_WORK TO COMPLETE_:
The lines from the one containing "Hi, this is" through the final line of the listing below are what the answer must repeat, exactly and only, leaving pictures out.

_PROVIDED DATA_:

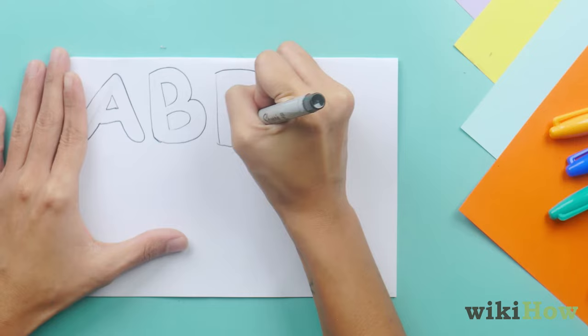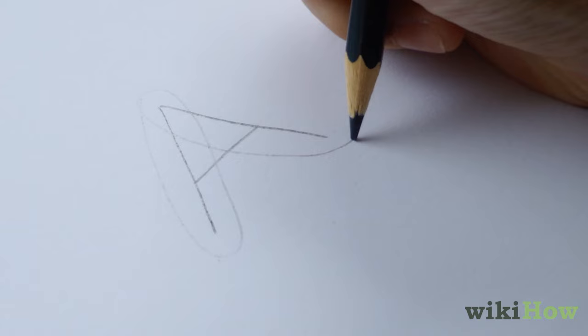For letters with an opening in the middle such as A, draw a circle or triangle inside the opening.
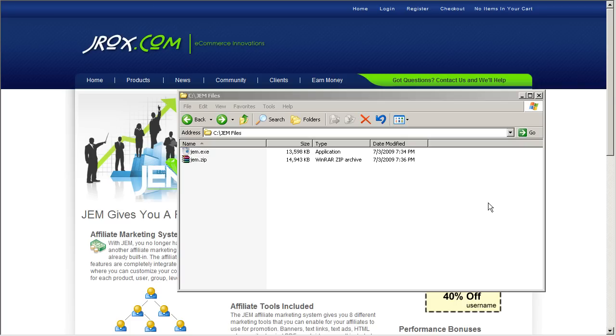Hi, this is Ryan from jrox.com. I just wanted to go through a quick tutorial of installing GEM using the GEM installer.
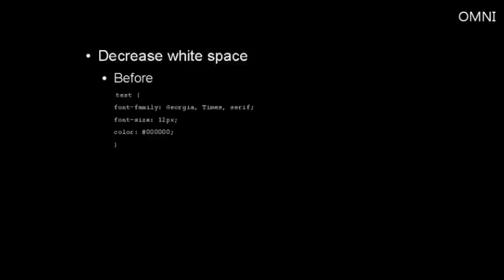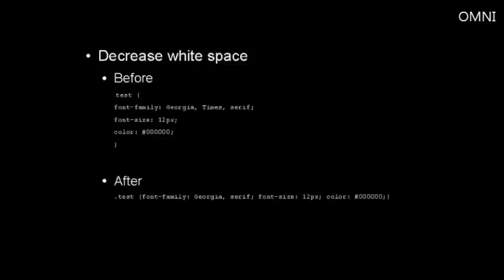Here's an example of using some whitespace. You can see all the code is quite spread out. And here's an example of minimized whitespace. And you can see it looks a lot more efficient.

_ANSWER TO THIS TASK_:
Hi, this is Ryan from jrox.com. I just wanted to go through a quick tutorial of installing GEM using the GEM installer.
Here's an example of using some whitespace. You can see all the code is quite spread out. And here's an example of minimized whitespace. And you can see it looks a lot more efficient.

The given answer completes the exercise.